Records from a collection
[Start of section]
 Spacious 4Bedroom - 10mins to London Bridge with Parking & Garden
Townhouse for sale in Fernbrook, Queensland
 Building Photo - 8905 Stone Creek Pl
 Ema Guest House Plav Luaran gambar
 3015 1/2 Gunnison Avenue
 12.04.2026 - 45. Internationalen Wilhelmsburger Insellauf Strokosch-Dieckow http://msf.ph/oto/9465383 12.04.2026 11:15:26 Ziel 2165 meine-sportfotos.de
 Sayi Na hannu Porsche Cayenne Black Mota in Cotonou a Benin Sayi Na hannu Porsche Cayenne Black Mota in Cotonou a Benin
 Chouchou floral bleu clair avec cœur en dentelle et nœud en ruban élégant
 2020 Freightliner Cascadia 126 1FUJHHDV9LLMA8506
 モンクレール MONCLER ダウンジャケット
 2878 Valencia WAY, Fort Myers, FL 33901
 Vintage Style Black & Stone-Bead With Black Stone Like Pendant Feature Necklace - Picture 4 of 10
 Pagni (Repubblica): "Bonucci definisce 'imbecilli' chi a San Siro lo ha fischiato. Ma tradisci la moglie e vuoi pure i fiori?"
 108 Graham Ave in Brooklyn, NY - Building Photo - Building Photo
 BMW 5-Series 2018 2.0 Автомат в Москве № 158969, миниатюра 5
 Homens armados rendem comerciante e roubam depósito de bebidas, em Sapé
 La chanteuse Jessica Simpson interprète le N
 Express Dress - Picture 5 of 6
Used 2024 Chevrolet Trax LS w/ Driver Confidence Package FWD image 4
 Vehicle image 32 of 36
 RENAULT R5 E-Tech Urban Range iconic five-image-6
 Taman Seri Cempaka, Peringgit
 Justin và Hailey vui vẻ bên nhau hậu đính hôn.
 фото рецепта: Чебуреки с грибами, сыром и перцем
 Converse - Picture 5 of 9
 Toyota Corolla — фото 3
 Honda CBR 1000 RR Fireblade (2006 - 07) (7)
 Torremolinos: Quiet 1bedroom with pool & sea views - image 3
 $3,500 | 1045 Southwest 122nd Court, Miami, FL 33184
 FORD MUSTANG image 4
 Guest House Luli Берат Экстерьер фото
[End of section]
=== About this exercise ===
Nothing but the exact lines of the data above, from the line containing "Justin và Hailey" through the last, should appear in the answer.

=== Problem solution ===
 Justin và Hailey vui vẻ bên nhau hậu đính hôn.
 фото рецепта: Чебуреки с грибами, сыром и перцем
 Converse - Picture 5 of 9
 Toyota Corolla — фото 3
 Honda CBR 1000 RR Fireblade (2006 - 07) (7)
 Torremolinos: Quiet 1bedroom with pool & sea views - image 3
 $3,500 | 1045 Southwest 122nd Court, Miami, FL 33184
 FORD MUSTANG image 4
 Guest House Luli Берат Экстерьер фото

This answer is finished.